その欠点を克服したのが1860年代に登場した金属薬莢使用のボルトアクション式小銃だった。
「ボルトアクション式小銃」の発射手順を大雑把に述べると、
1)レバー(槓杆)を上げて遊底を後ろに引くと薬室が解放され
2)実包を装填できる状態になり、装填
3)レバーを前に操作して実包を薬室に押し込む
4)レバーを下げて引き金を引くと撃針が雷管を打って発射される
5)発射後、レバーを引くと空薬莢が薬室から外に弾き飛ばされる
となる。
加えて、1880年代後半になると、箱型弾倉によって連発性を向上させた新型のボルトアクション式小銃がヨーロッパ各国で続々と開発されると既存の連発方式の小銃は軍用として次々と排除されて、ボルトアクション方式の機構を持つ小銃のみが軍用銃として残ったのだった。
(「抜群の信頼性」と急速な普及)
この堅牢で信頼性の高いボルトアクション式小銃が、瞬く間にヨーロッパの軍事大国で普及した影響を受けて、世界中の国々が標準的な軍装備品とし追随、定着していったのである
その結果、地球上のあらゆる気候風土の中で無数の民族で使用されることとなったのだった。世界中に普及した最大の理由は、ボルトアクション機構の「抜群の信頼性」にあったと述べても過言では無いと思う。

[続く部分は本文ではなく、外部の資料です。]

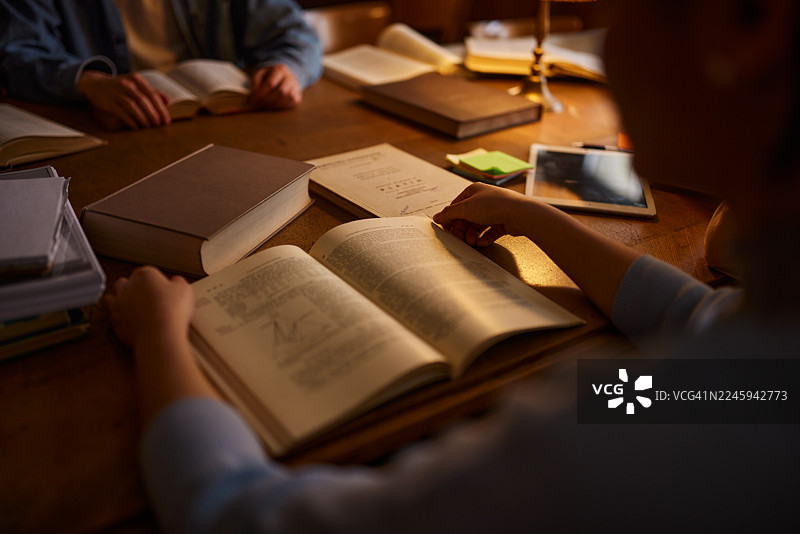 特写镜头：一名学生在阅读书籍，无法辨认其身份。图片素材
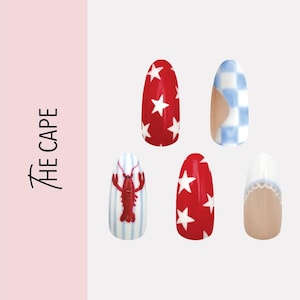 May include: A set of five artificial nails with various designs. Two nails are red with white stars, one has a blue and white checkered pattern, one has a red lobster on blue and white stripes, and one has a white lace design.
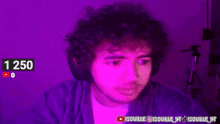 a man with curly hair is wearing headphones and looking at the camera in a purple light .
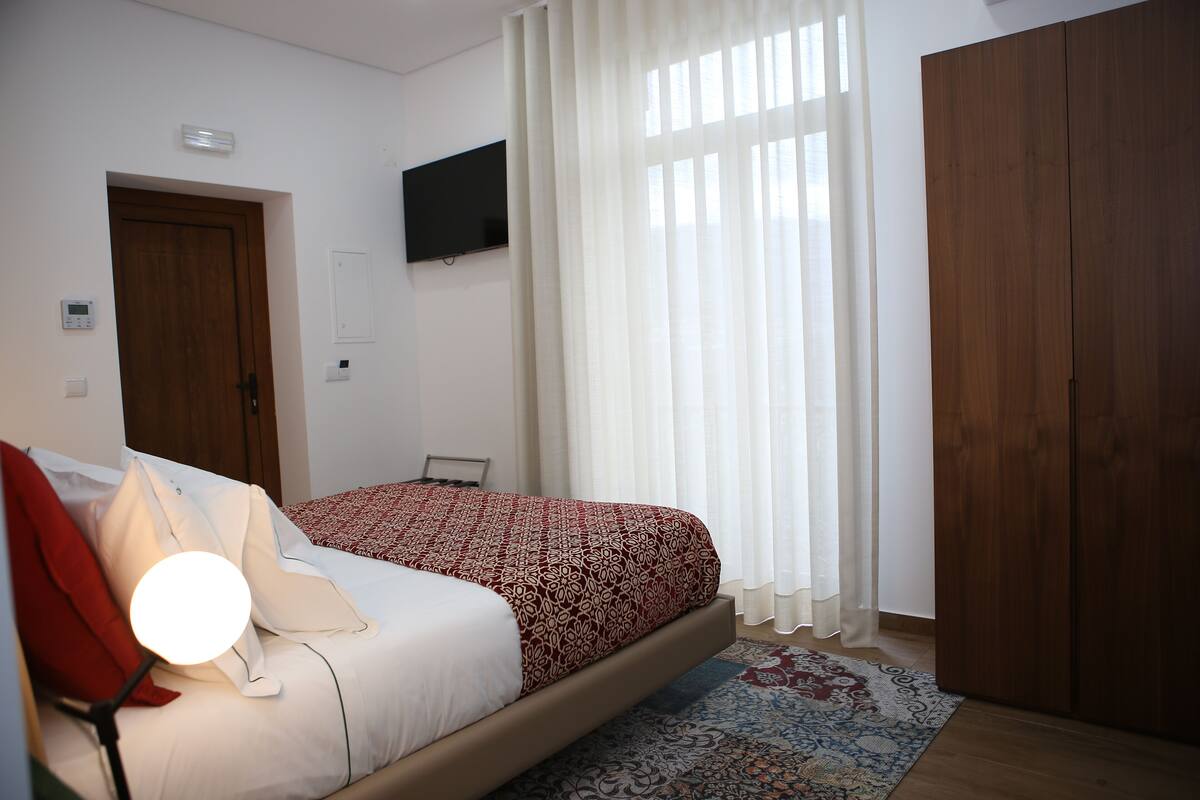 Ein Schlafzimmer mit einem Bett, einem an der Wand montierten Fernseher, einem Holzschrank und einem Fenster mit Vorhängen.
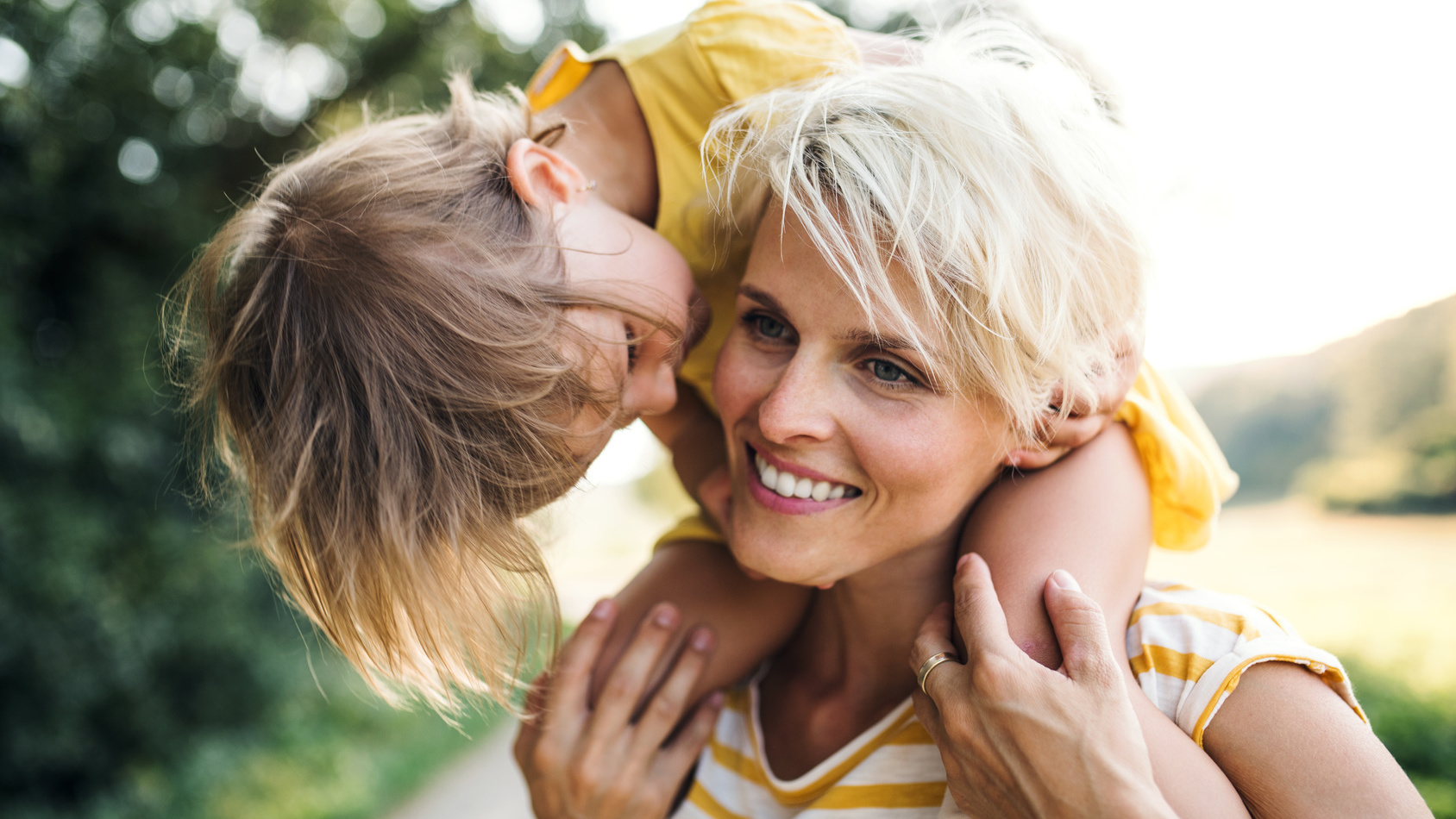 Kleines Kind sitzt bei seiner Mutter auf den Schultern
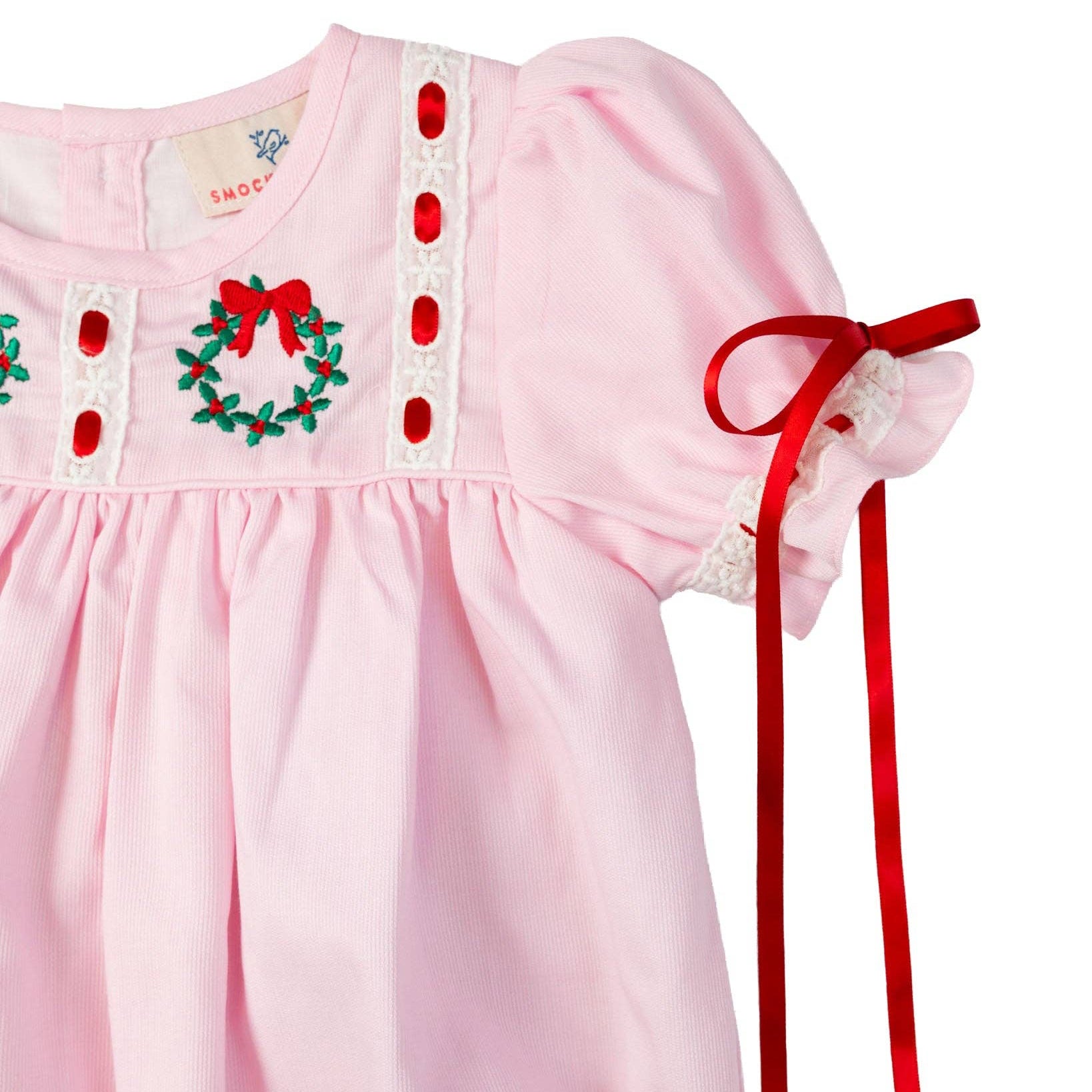 Pink baby dress with red ribbon and Christmas wreath design on a white background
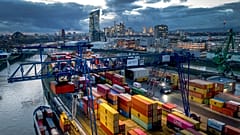 A container is loaded onto a cargo ship in the harbor in Frankfurt, Germany, Wednesday, Dec. 13, 2023. In background the European Central Bank. (AP Photo/Michael Probst)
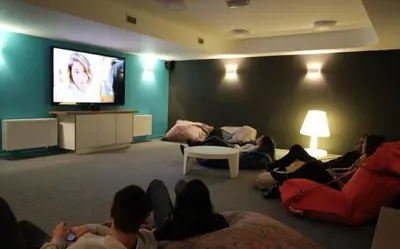 a group of people sitting in a room watching a tv at Le spot Central securisé sauna rooftop in Liège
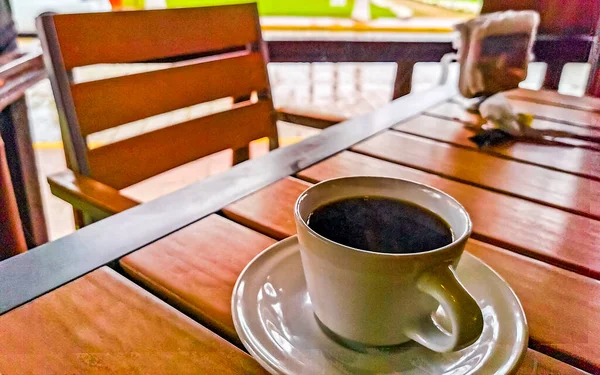 テーブルの上にスプーンとプレートとアメリカーノブラックコーヒーのカップとZicatelaプエルトエスコンディドオアハカメキシコのレストランで飲む — ストック写真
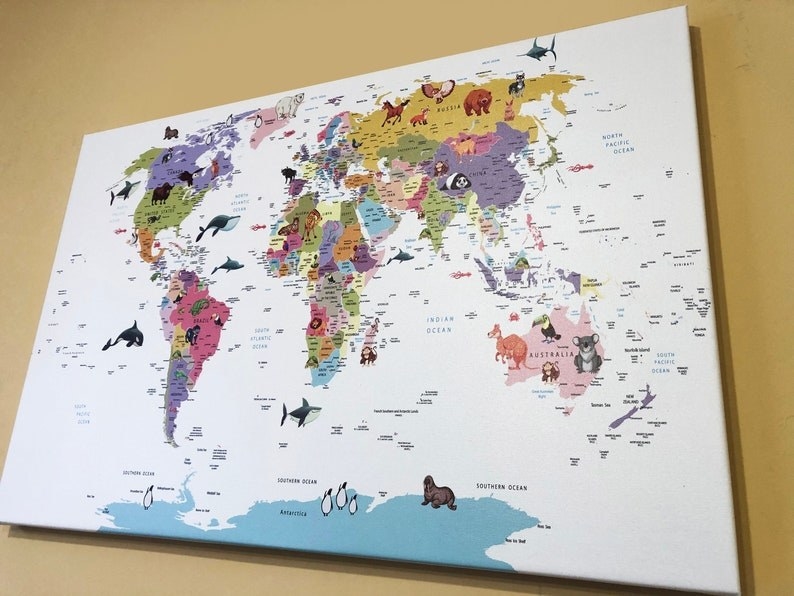 Colorful world map hung on wall
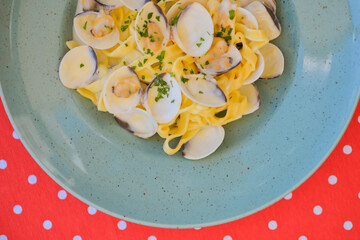 Linguine with clams. Traditional Italian pasta with clams and other sea food. Healthy meal. Eating out in restaurant.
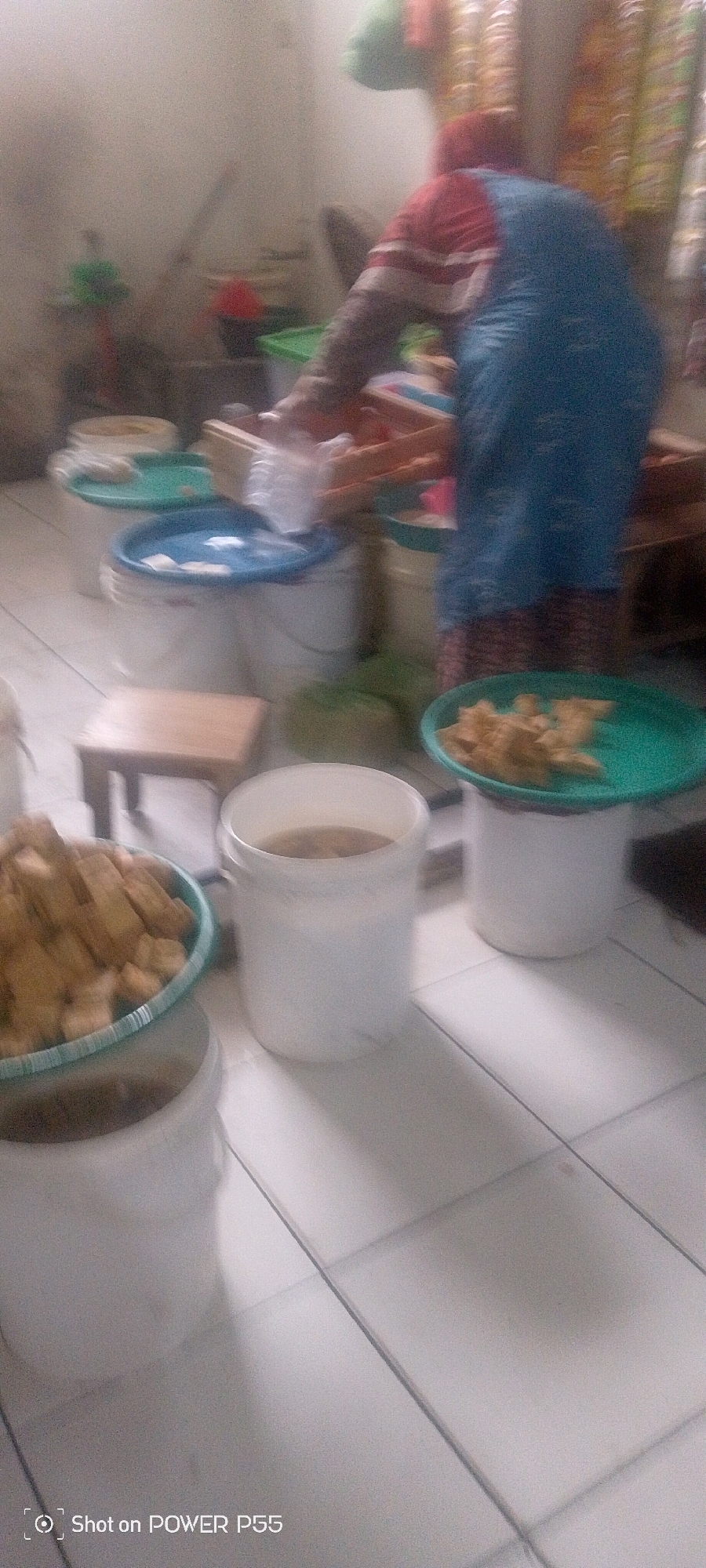A blurry, medium shot captures an indoor scene with a person wearing a red and blue outfit. The person is standing near a wooden crate filled with items, possibly food. Around them are several large white buckets, some with blue lids, and green plates holding food that appears to be fried. A small wooden stool is visible to the left. The floor is tiled. The background shows a wall with curtains and shelves with objects, suggesting a kitchen or preparation area. The overall lighting is dim.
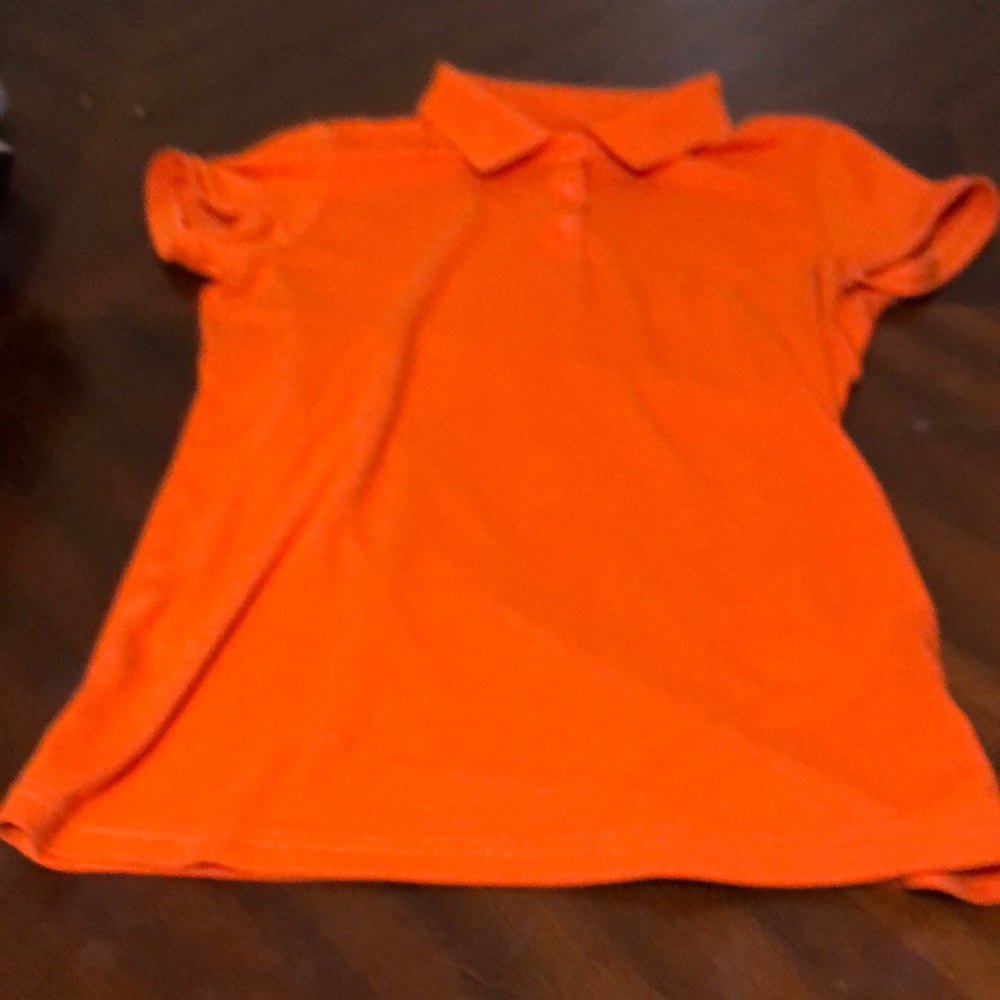 orange polo shirt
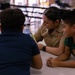 U.S. service members and Houston Texans engage with students at Law Elementary School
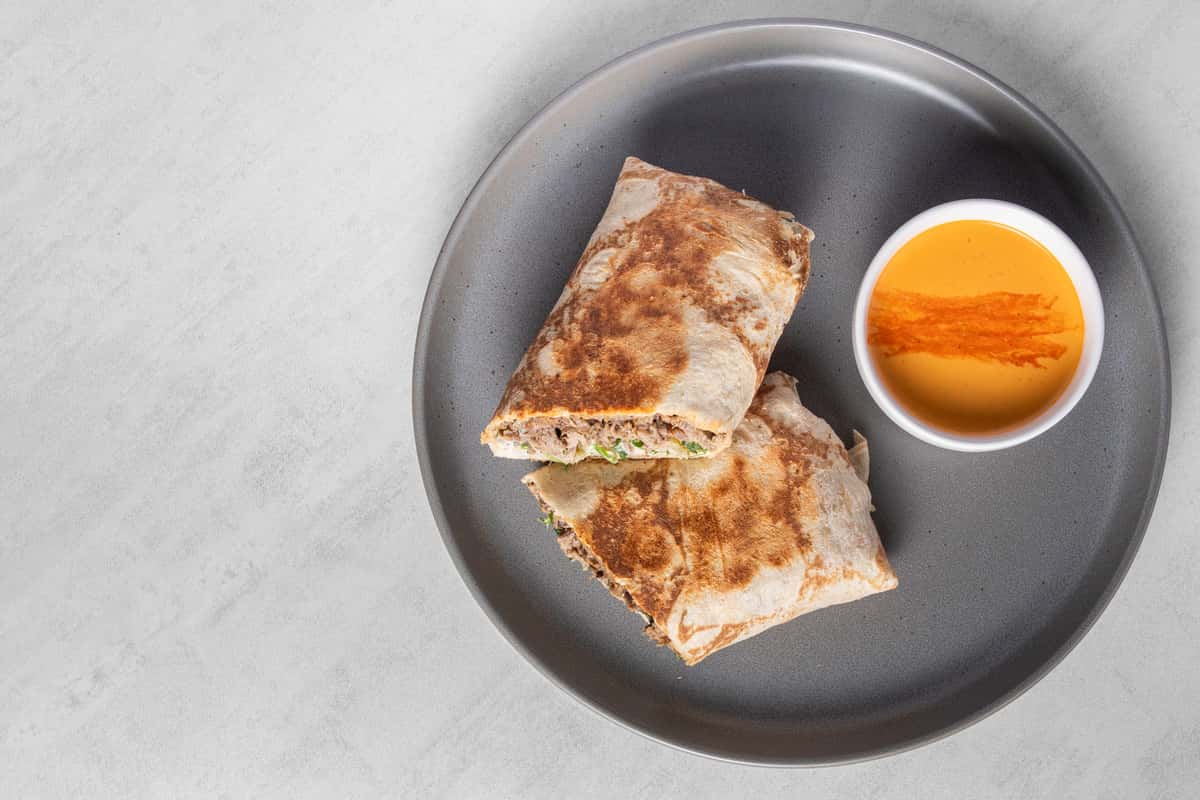 Top down view of Classic Angus Beef Shawarma on a gray plate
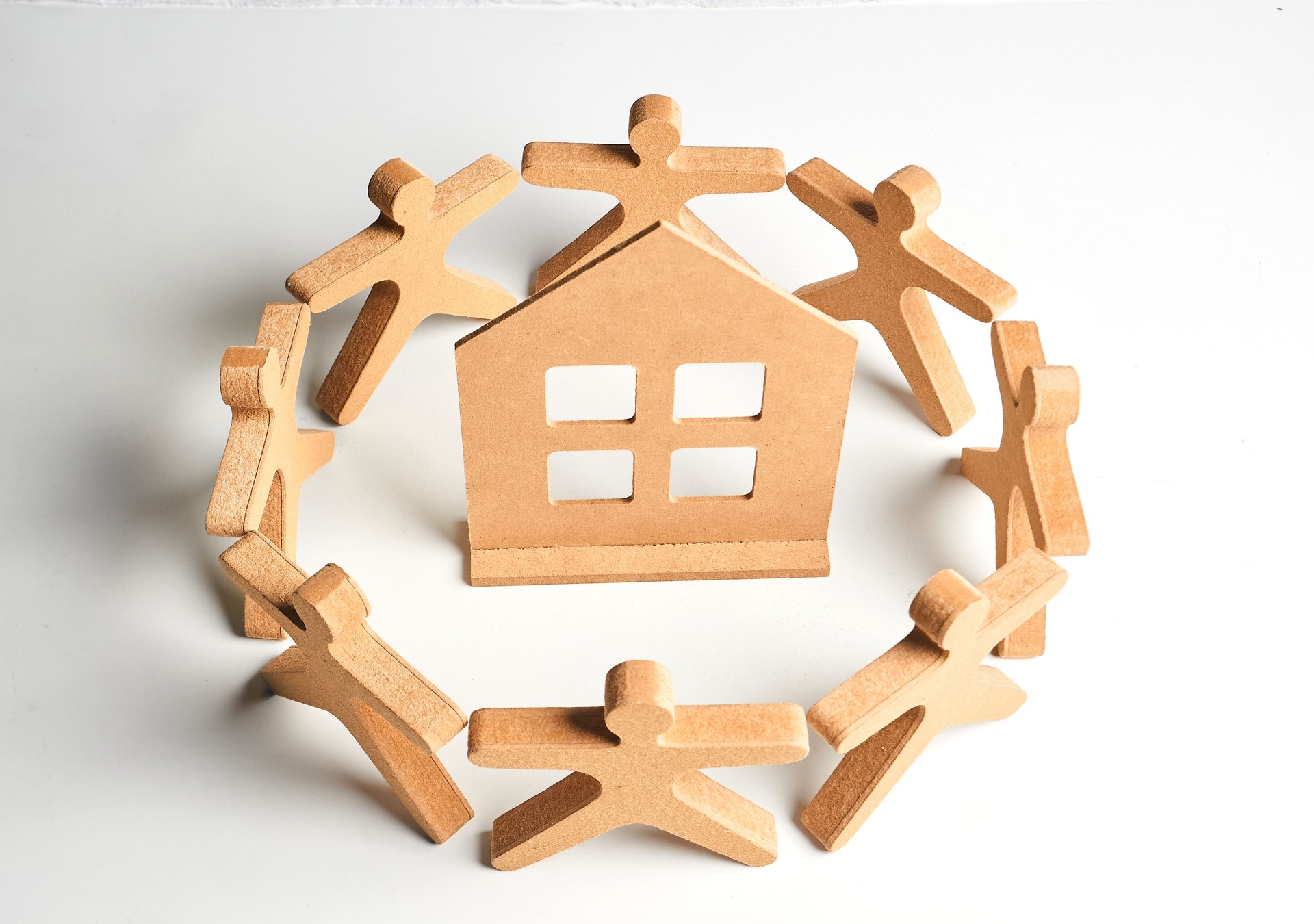 Wooden figures forming a protective circle around a house, symbolizing neighborhood support, safe housing and community care. Wooden figures forming a protective circle around a house, symbolizing neighborhood support, safe housing and community care.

当時、未開発の国や、欧米の植民地だった後進国も多く、基礎教育を全く受けていない兵士も多かったが、理解し易い操作性と泥濘や砂塵の中でも故障しない堅牢性は、各国の軍指導者や兵士が安心して使用できる基幹兵器となる素質を十分に持っていたのである。
始めに、「ボルトアクション式小銃」がヨーロッパ各国に登場し始めた1880年代後半の代表的な銃を幾つか挙げてご参考にしてみたい。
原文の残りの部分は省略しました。